::: Raw data :::

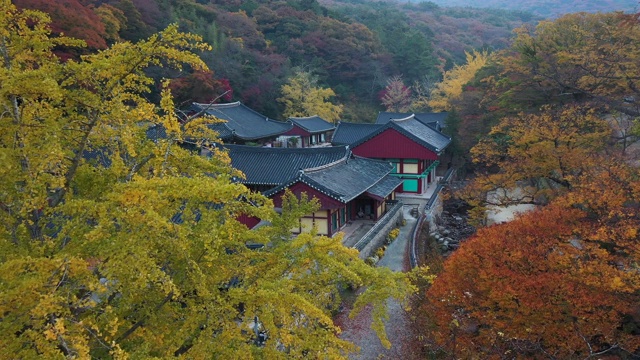 大兴寺秋季/全罗南道韩郡三山明视频素材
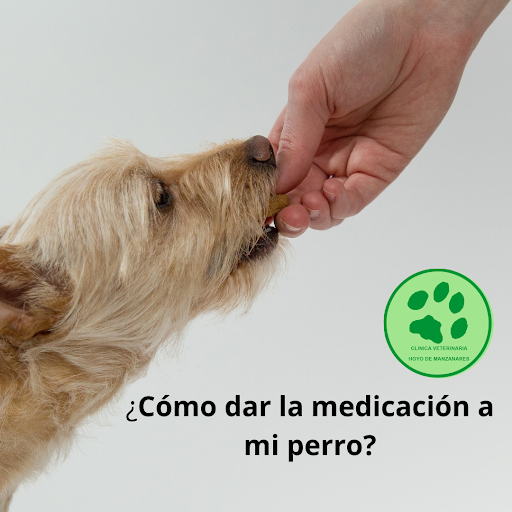 Clínica Veterinaria Hoyo de Manzanares – Hoyo de Manzanares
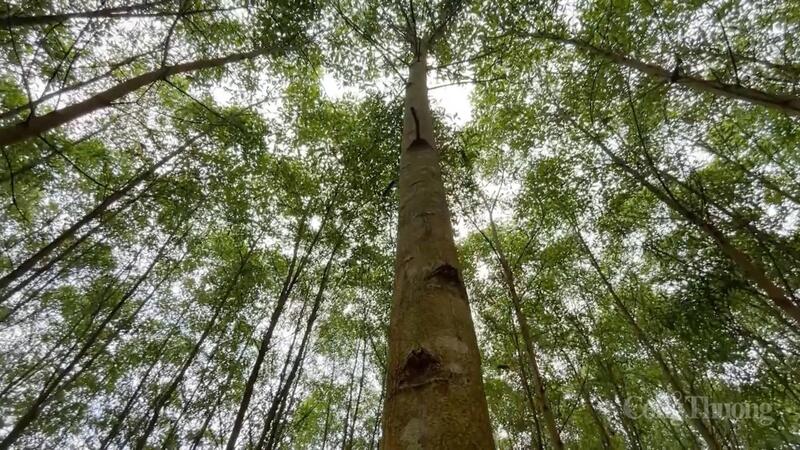 Tỉnh Quảng Trị luôn chú trọng đẩy mạnh trồng rừng đạt tiêu chuẩn FSC.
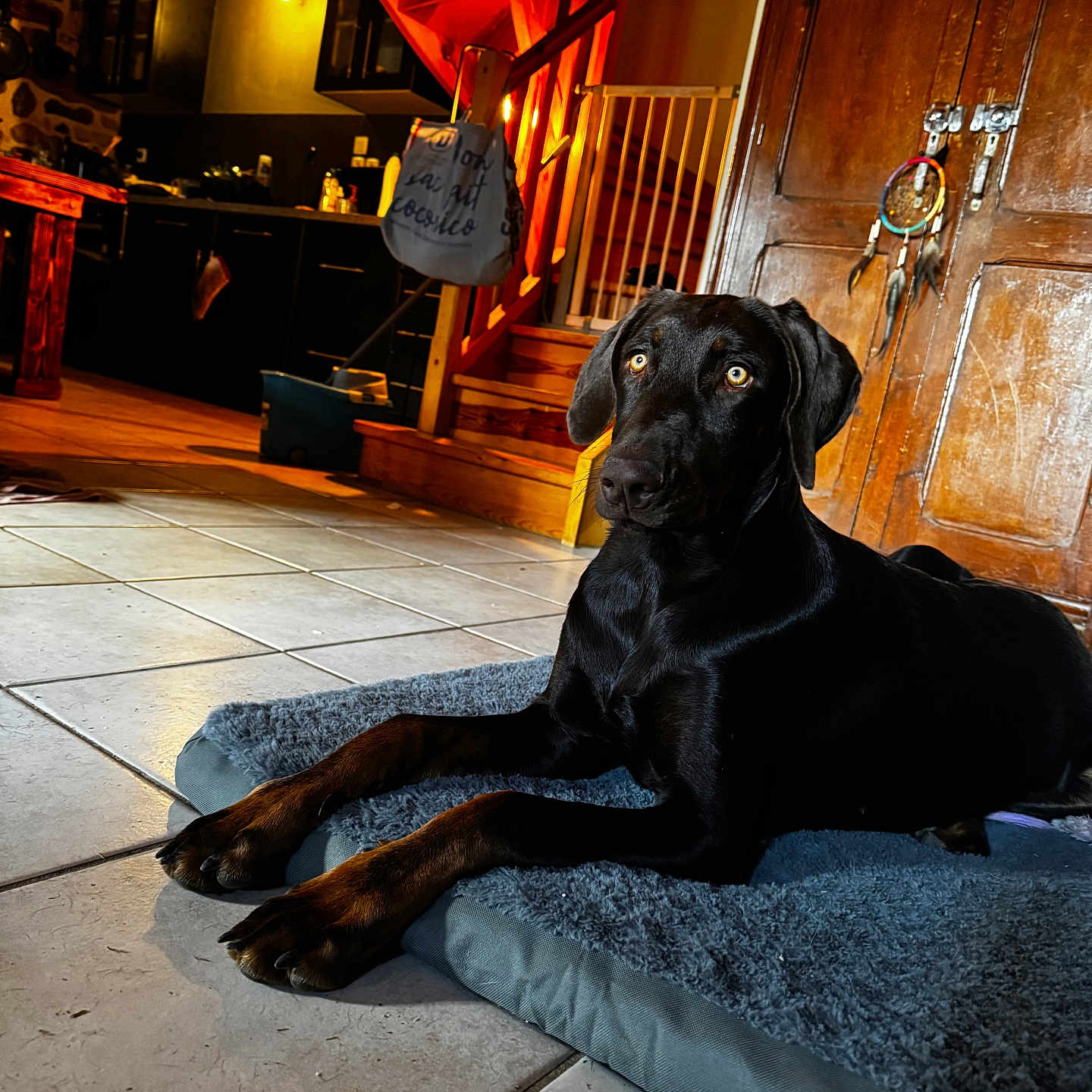Abigail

:::

* **Your objective**: Give an exact copy of the listing above that leaves out every picture.

* **Written response**:
 大兴寺秋季/全罗南道韩郡三山明视频素材
 Clínica Veterinaria Hoyo de Manzanares – Hoyo de Manzanares
 Tỉnh Quảng Trị luôn chú trọng đẩy mạnh trồng rừng đạt tiêu chuẩn FSC.
Abigail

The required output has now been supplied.